__Problem details__.
Which lines in the data contain the word "Датчик"? Please copy each of them.

__Data__.
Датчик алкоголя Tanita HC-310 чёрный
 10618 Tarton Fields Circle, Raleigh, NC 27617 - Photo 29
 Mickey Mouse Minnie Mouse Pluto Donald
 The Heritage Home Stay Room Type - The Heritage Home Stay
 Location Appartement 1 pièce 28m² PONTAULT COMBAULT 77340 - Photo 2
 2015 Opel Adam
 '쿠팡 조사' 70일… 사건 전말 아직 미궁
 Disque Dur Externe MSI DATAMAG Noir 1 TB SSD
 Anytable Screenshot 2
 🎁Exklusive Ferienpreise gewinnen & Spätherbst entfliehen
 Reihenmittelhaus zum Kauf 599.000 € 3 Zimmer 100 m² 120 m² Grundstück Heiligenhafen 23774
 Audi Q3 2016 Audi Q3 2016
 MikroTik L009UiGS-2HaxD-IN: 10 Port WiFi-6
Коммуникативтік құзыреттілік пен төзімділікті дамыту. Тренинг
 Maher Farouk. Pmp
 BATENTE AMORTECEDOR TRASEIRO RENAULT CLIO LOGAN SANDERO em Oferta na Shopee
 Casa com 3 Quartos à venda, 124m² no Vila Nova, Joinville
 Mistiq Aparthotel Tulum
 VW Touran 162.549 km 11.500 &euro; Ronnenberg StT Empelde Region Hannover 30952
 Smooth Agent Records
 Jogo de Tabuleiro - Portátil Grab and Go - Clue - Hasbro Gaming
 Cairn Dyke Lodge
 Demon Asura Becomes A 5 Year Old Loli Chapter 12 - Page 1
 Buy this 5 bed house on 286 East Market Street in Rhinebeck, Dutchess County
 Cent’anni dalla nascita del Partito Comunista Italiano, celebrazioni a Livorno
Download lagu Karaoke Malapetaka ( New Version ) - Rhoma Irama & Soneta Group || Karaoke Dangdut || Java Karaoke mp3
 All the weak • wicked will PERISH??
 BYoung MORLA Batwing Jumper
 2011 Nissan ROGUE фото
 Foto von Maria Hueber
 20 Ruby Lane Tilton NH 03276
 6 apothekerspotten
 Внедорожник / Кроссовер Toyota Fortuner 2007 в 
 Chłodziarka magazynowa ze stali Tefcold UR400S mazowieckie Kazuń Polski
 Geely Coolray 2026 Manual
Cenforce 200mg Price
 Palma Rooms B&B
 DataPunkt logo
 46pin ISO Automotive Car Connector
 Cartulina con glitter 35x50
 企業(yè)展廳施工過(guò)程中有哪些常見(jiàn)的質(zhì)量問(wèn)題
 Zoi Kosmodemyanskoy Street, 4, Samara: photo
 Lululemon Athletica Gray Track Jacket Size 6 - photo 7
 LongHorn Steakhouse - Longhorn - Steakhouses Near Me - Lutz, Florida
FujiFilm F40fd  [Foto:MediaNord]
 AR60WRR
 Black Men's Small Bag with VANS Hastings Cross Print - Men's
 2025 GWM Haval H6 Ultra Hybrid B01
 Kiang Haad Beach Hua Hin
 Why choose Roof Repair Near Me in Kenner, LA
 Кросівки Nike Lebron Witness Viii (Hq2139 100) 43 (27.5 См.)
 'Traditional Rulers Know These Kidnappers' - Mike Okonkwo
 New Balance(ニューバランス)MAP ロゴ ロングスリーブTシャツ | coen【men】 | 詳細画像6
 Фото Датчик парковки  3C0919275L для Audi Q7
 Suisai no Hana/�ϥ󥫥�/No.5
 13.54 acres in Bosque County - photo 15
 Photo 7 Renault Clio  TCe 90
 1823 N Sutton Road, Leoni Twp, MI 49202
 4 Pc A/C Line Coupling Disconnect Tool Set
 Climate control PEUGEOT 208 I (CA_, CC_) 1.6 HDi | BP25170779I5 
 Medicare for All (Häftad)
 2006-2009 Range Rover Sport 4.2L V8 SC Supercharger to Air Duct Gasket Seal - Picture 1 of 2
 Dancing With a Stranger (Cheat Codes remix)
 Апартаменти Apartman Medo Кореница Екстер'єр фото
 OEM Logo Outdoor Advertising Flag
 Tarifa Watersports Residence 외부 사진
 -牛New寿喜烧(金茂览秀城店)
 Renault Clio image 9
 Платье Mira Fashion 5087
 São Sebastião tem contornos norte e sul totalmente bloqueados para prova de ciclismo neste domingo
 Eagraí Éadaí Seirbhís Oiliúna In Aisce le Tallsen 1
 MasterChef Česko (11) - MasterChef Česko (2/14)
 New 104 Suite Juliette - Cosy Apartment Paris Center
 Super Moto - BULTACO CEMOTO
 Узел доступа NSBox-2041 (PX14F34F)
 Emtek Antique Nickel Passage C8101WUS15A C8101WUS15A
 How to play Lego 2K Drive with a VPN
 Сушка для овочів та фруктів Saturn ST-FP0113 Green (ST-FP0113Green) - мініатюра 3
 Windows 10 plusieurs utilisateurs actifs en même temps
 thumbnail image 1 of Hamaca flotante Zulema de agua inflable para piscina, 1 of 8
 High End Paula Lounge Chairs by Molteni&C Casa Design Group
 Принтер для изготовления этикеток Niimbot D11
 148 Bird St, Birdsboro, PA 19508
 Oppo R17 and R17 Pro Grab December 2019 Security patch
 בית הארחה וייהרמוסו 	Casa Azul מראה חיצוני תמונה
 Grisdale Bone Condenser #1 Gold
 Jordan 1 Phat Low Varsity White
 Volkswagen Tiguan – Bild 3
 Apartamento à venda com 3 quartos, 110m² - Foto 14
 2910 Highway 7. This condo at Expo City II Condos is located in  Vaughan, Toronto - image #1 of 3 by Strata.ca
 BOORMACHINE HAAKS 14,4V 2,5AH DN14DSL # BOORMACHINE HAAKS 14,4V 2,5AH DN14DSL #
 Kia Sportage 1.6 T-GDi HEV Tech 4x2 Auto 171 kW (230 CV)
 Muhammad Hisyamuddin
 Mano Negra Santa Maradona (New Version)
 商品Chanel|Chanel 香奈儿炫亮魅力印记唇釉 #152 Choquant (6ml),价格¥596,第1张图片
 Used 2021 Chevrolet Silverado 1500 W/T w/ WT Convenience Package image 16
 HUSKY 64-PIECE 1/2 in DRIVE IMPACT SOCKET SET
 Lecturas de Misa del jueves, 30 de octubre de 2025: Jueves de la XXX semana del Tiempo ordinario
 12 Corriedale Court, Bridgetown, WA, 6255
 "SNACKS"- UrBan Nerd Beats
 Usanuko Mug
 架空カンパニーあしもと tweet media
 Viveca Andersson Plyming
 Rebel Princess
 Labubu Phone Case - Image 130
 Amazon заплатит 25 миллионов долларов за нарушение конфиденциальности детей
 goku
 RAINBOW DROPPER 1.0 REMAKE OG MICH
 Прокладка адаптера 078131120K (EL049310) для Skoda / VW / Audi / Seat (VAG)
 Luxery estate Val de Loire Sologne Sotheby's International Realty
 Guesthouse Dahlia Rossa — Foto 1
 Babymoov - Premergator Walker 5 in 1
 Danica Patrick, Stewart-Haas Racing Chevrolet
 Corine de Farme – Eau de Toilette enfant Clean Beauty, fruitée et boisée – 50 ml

__Exercise solution__.
Датчик алкоголя Tanita HC-310 чёрный
 Фото Датчик парковки  3C0919275L для Audi Q7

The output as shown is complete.